Several tasks must be completed before you use the system.
The recovery procedure re-creates the old system from the quorum data. However, some things
cannot be restored, such as cached data or system data managing in-flight I/O. This latter loss of
state affects RAID arrays that manage internal storage. The detailed map about where data is out of
synchronization has been lost, meaning that all parity information must be restored, and mirrored
pairs must be brought back into synchronization. Normally this action results in either old or stale
data being used, so only writes in flight are affected. However, if the array lost redundancy (such
as syncing, degraded, or critical RAID status) before the error that requires system recovery, then
the situation is more severe. Under this situation you need to check the internal storage:
- Parity arrays are likely syncing to restore parity; they do not have redundancy when this
operation proceeds.
- Because there is no redundancy in this process, bad blocks might are created where data is not
accessible.
- Parity arrays might be marked as corrupted. This indicates that the extent of lost data is wider
than in-flight I/O; to bring the array online, the data loss must be acknowledged.
- RAID6 arrays that were degraded before the system recovery might require
a full restore from backup. For this reason, it is important to have at least a capacity match spare
available.
Be aware of these differences about the recovered configuration:
- FlashCopy mappings are restored as
"idle_or_copied" with 0% progress. Both volumes must are restored to their original I/O
groups.
- The management ID is different. Any scripts or associated programs that refer to the
system-management ID of the clustered system (system) must be changed.

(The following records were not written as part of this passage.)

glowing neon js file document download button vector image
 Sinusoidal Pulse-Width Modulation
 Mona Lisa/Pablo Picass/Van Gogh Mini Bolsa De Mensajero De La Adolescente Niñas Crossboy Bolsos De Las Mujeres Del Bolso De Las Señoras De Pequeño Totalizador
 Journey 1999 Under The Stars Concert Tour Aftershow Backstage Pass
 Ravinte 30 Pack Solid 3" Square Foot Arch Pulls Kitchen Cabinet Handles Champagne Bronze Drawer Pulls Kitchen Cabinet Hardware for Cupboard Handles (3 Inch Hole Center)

- Any FlashCopy mappings that were not in the
"idle_or_copied" state with 100% progress at the point of disaster have inconsistent data on
their target disks. These mappings must be restarted.
- Intersystem
partnerships and relationships are not restored and must be re-created manually.
- Consistency groups are not restored and must be re-created manually.
- Intrasystem Metro Mirror relationships are restored if all dependencies were successfully restored to their original I/O
groups.
- If hardware was replaced before the recovery, the SSL certificate might not be restored. If it
is not restored, then a new self-signed certificate is generated with a validity of 30 days. Follow
the associated Directed Maintenance Procedures (DMP) for a permanent resolution.
- The system time zone might not are restored.
- Any Global Mirror secondary volumes on the recovered system might have inconsistent data if
there was replication I/O from the primary volume that is cached on the secondary system at the
point of the disaster. A full synchronization is required when re-creating and restarting these
relationships.
- Immediately after the T3 recovery process runs, which are compressed disks do not know the
correct value of their used capacity. The disks initially set the capacity as the entire real
capacity. When I/O resumes, the capacity is shrunk down to the correct
value.
Similar behavior occurs when you
use the -autoexpand option on volumes. The real capacity of a disk
might increase slightly, caused by the same kind of behavior that affects compressed
volumes. Again, the capacity shrinks down as I/O to the disk is resumed.
- Manual actions might be necessary on the hosts to trigger them to rescan for
devices. You can complete this task by disconnecting and reconnecting the Fibre Channel cables to
each host bus adapter (HBA) port.
- Verify that all mapped volumes can be accessed by the hosts.
- Run the application consistency checks.
For Virtual Volumes (VVols), complete the following tasks.
- After you confirm that the T3 completed successfully, restart Spectrum Control Base (SCB)
services. Use the Spectrum Control Base command service ibm_spectrum_control
start.
- Refresh the storage system information on the SCB GUI to ensure that the systems are in sync
after the recovery.
- To complete this task, login to the SCB GUI.
- Hover over the affected storage system, select the menu launcher, and then select
Refresh. This step repopulates the system.
- Repeat this step for all Spectrum Control Base instances.
- Rescan the storage providers from within the vSphere Web Client.
For Virtual Volumes (VVols), also be aware of the following information.
FlashCopy
mappings are not restored for VVols. The implications are as follows.
- The mappings that describe the VM's snapshot relationships are lost. However, the Virtual
Volumes that are associated with these snapshots still exist, and the snapshots might still appear
on the vSphere Web Client. This outcome might have implications on your VMware back up solution.
- Do not attempt to revert to snapshots.
- Use the vSphere Web Client to delete any snapshots for VMs on a VVol data store to free up disk
space that is being used unnecessarily.
- The targets of any outstanding 'clone' FlashCopy relationships might not function as expected
(even if the vSphere Web Client recently reported clone operations as complete). For any VMs, which
are targets of recent clone operations, complete the following tasks.
- Perform data integrity checks as is recommended for conventional volumes.
- If clones do not function as expected or show signs of corrupted data, take a fresh clone of
the source VM to ensure that data integrity is maintained.